* **GOAL OF THE EXERCISE**
Restate every line of the data word for word, except for the images.

* **INFORMATION SUPPLIED**
==========
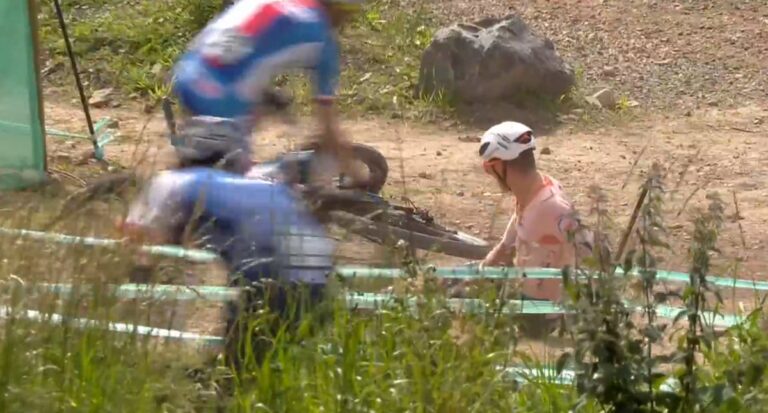 MONDIALI 2023 / Van der Poel ferito e infuriato. «Tutta colpa mia»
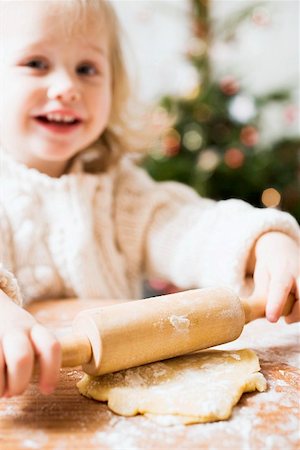simsearch:659-01856000,k - Petite fille, rouler la pâte (Noël) Photographie de stock - Premium Libres de Droits, Code: 659-01861836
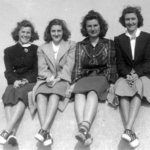 Skirts and Saddle Shoes: Favorite Styles of ’40s Teenage Girls _ USStories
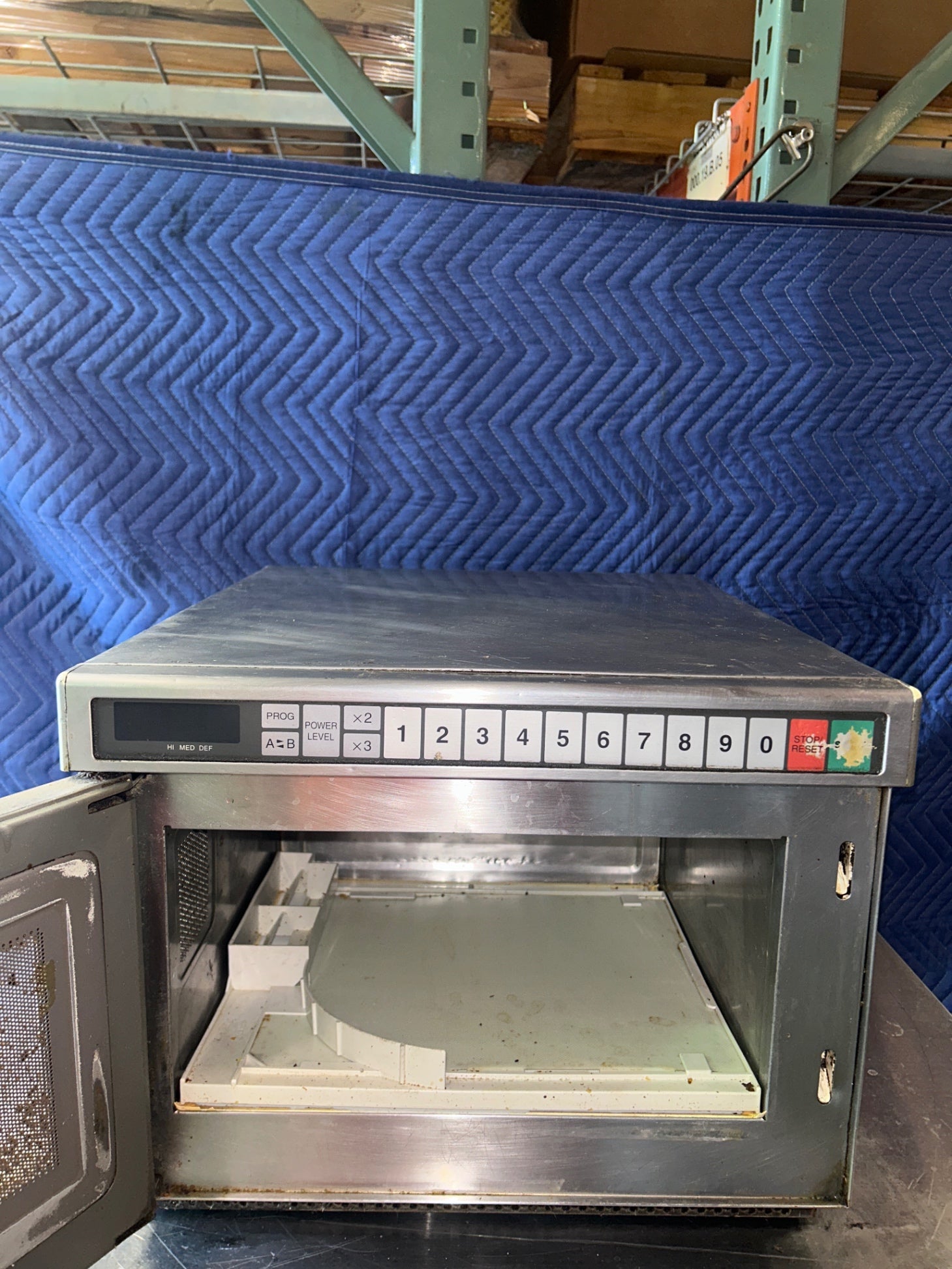 Panasonic Commercial Microwave Oven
==========
* **EXERCISE SOLUTION**
 MONDIALI 2023 / Van der Poel ferito e infuriato. «Tutta colpa mia»
simsearch:659-01856000,k - Petite fille, rouler la pâte (Noël) Photographie de stock - Premium Libres de Droits, Code: 659-01861836
 Skirts and Saddle Shoes: Favorite Styles of ’40s Teenage Girls _ USStories
 Panasonic Commercial Microwave Oven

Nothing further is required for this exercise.